Akhirnya, Muhdianto memberontak dan meminta agar ia dikembalikan ke Korem. "Saya lebih baik dipulangkan ke Korem daripada harus pergi ke Jabung setiap minggu," tambahnya.
Akhirnya permintaan Muhdianto disetujui. Muh bisa melakukan wajib lapor di Balai Desa selama 3 tahun.
Dengan adanya pernyataan Presiden Jokowi mengenai pengakuan kejahatan HAM Berat di masa lalu, Muhdianto berharap para korban Talangsari 1989 bisa mendapat keadilan serta peristiwa yang menimpanya ini tidak terjadi lagi pada rakyat Indonesia lainnya.
Situasi yang sama juga dialami oleh Sarwiyati (55 tahun). Sarwiyati sebelumnya tinggal di Menggala. Pada hari itu, 6 Februari 1989, ia pergi ke Cihideung untuk menengok ibunya. Sebelumnya, ia bermimpi yang membuatnya ingin bertemu dengan ibunya, sehingga ia memutuskan untuk pergi ke Cihideung dari Menggala
Tidak lama setelah tiba di rumah orang tuanya, ia mendengar keributan di luar.

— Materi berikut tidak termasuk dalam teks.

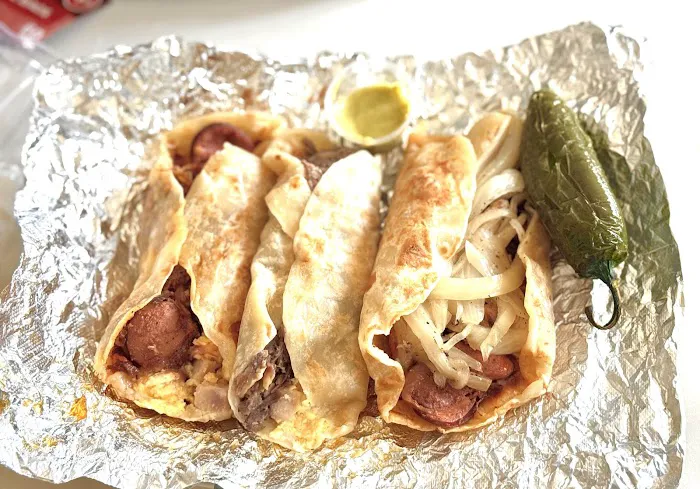 No Toques Mi Taco Picture 4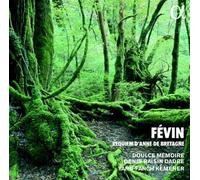 Various Artists – Requiem d'Anne de Bretagne – CD – Alpha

Karena peristiwa itu, rumah sang ibu habis terbakar. Sarwiyati bersama ibu dan kakak perempuannya, Turasih lalu tinggal di gubuk berukuran 2 x 5 meter berlantai tanah.
Mereka sering kali terserang demam dan muntaber. "Air kami ambil dari rawa, makan apa yang ada," ujar Sarwiyati, mengatakan bahwa ia merasa sakit perut jika harus makan oyek karena tidak terbiasa.
Saat itu, Sarwiyati memiliki dua anak laki-laki, yang berusia 11 bulan dan 8 tahun. "Sangat sulit. Kami berjuang sekuat tenaga," katanya.
Ketakutan tersebut bahkan membuatnya demam ketika melihat tentara berseragam karena senjata laras panjang pernah diarahkan kepadanya.